Balls of shredded, decorated butter were put on the table and the amazing bread cart was wheeled up.
From the wide variety offered Linda chose pretzel and potato/walnut bread. I chose bacon/leek and pumpkin seed. They were very good.
Our first course was
Steinpilze mit Meeres-Kopfsalat & marinierter Gänseleber
This was a subtle, elegant start with unusual combinations that worked well.
Sommerkürbis mit Topinambur & Akazien-Honig
“Marrow” in a vegetable context is British English for what Americans call summer squash. Steirereck has its own garden, which must be at its height at this time of year. The menu was mostly vegetable dishes, with many seasonings and garnishes. This dish made a usually boring vegetable interesting.
Linda’s third course was
Reinanke mit „Abate Fetel“ Birne, Kichererbsen, Kreuzkümmel & Brokkoli
Reinanke is a whitefish from cold, deep Alpine lakes. Pan-fried, it had a crisp skin, but held all its flavor and texture. The green rectangle and cube are broccoli; the white at left the pear. The chick peas in breadcrumbs added a good crunch to this excellent dish.
Geschmorte weisse Karotte mit Herbsttrompeten-Pilzen, Bierrettich & Haselnüssen
The marinated carrot strips had a good, fresh flavor that was brought out by the garnishes.
Our fourth course was
Baumspinat mit Eiszapfen & Ochsenmark
This was the first time we had tried “tree spinach.” Its flavor was definitely stronger than the common variety. The bone marrow added some richness to this very good dish.
Über Holzkohle gegrillter Rieddeckel vom Almochsen mit Kopfsalat, Datteln & Austernkraut
This course was excellent, based on the fine quality of the charcoal-grilled Alpine beef. I was surprised to find that oyster leaves are now grown in Austria. These were of high quality and went very well with the beef. The soufléed potatoes added some elegance to an otherwise rustic dish.
Warm, moist towels were brought for our hands.
Affinierte Käse aus unserer Meierei
The two-tiered cheese cart was extensive with cheeses from all over Europe. It is supplied by the Meierei, the Reitbauer’s dairy and restaurant below Steirereck with a separate entrance from the Stadtpark. Of course, we only chose Austrian cheeses. The aged Alpine tomme, on the left in my selection below was particularly good. The roasted pumpkin seeds were a nice addition.

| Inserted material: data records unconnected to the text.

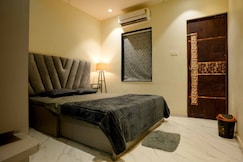 LA Spezia 2BHK Serviced Apartment, Nagpur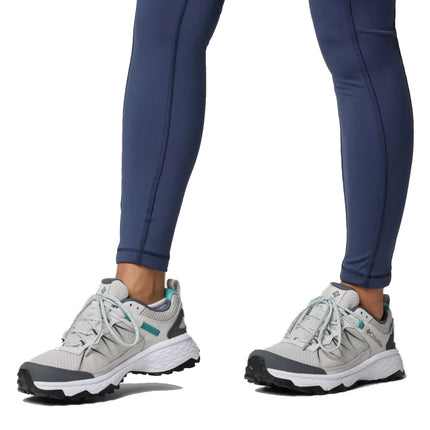 Columbia Women's Peakfreak Rush OutDry Shoe Moonstone/Teal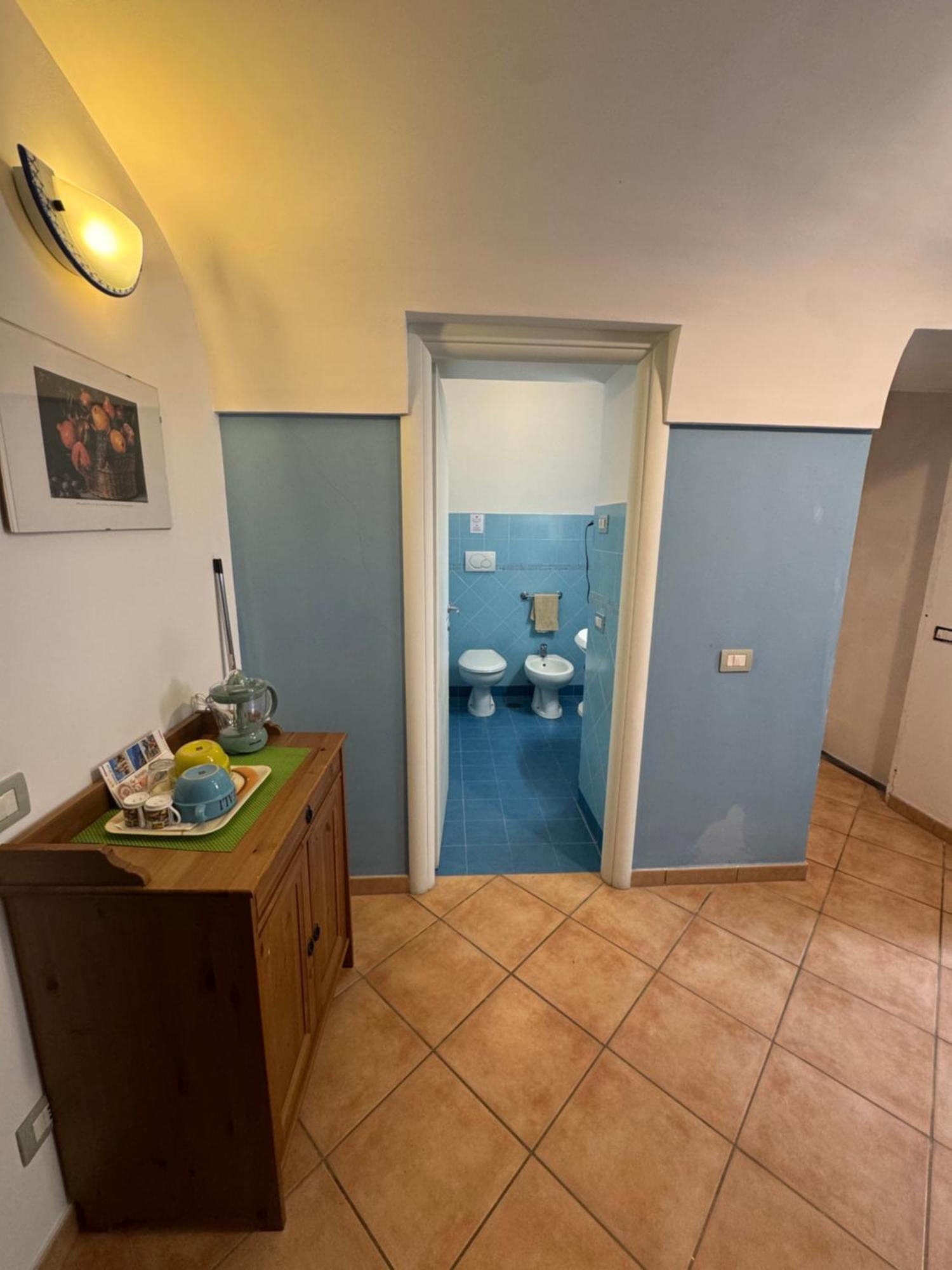 Villa Rosmary ماسّا لوبْرينسِ المظهر الخارجي الصورة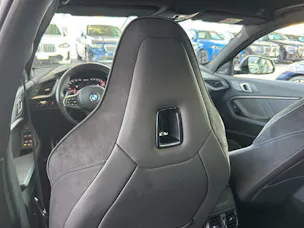 BMW M135i xDrive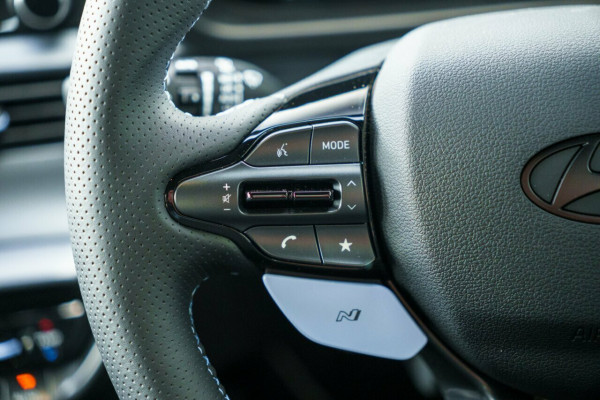 2026 MY25 Hyundai i20 BC3.V2 N Hatch Image 11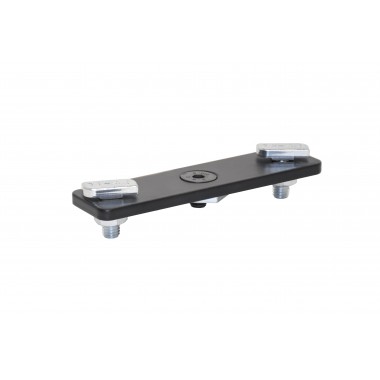 CEILING & SPACER MOUNTING PLATE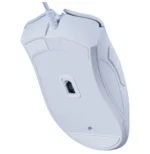 Razer DeathAdder Essential (Blanc) – Image 4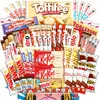KING SIZE Schokoladen Box | Über 60 Schokoladen & Produktbild-Vorschau 1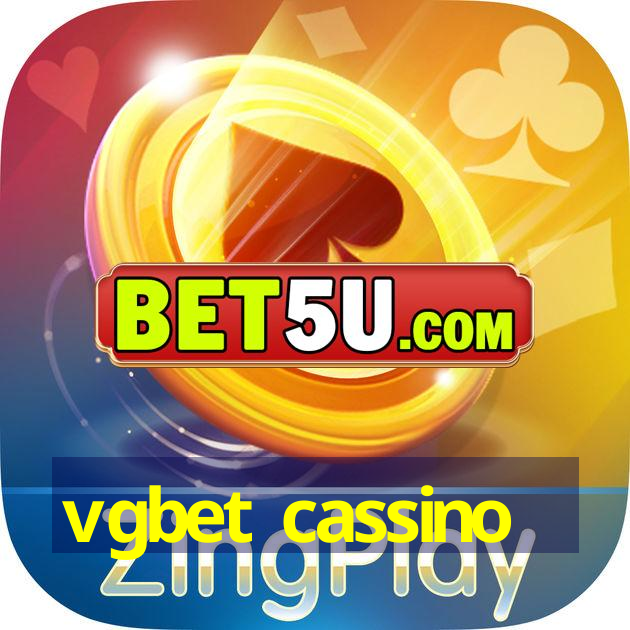 vgbet cassino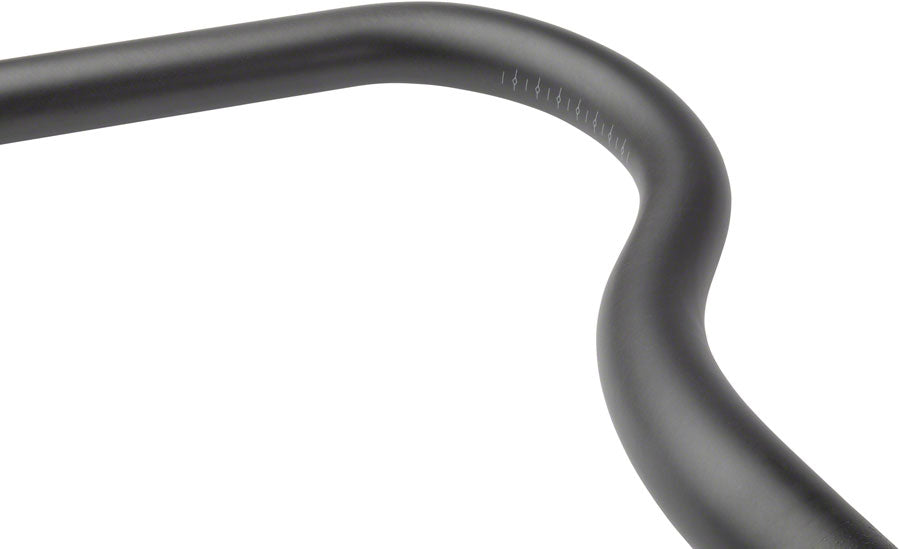Whisky Parts Co. Winston Carbon Handlebar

With the cheese I had a glass of 2010 Biegler Rotgipfler Spätlese.
Rotgipfler is a grape used to make aromatic white wine. It is almost exclusively found in the Gumpoldskirchen district of the Thermenregion in Austria. This had only a touch of sweetness, despite being a Spätlese. It was excellent with the cheese.
Himbeeren mit Pandan, weißer Schokolade & Kokos
The fresh red raspberries were mixed with a few tart yellow ones and were nicely offset by the slightly sweet exotic garnishes. Very good.
With the dessert we both had glasses of 2008 Kracher Beerenauslese Cuvée.
This Austrian late-harvest wine was just sweet enough and scrumptious.
The fine mignardises arrived skewered onto a little tree.
The service, under the direction of the chef’s wife, was always excellent. The pace was just right. The ambience is just what we like: well spaced tables with little noise. We thoroughly enjoyed our meal and thought that Steirereck lived up to its high reputation.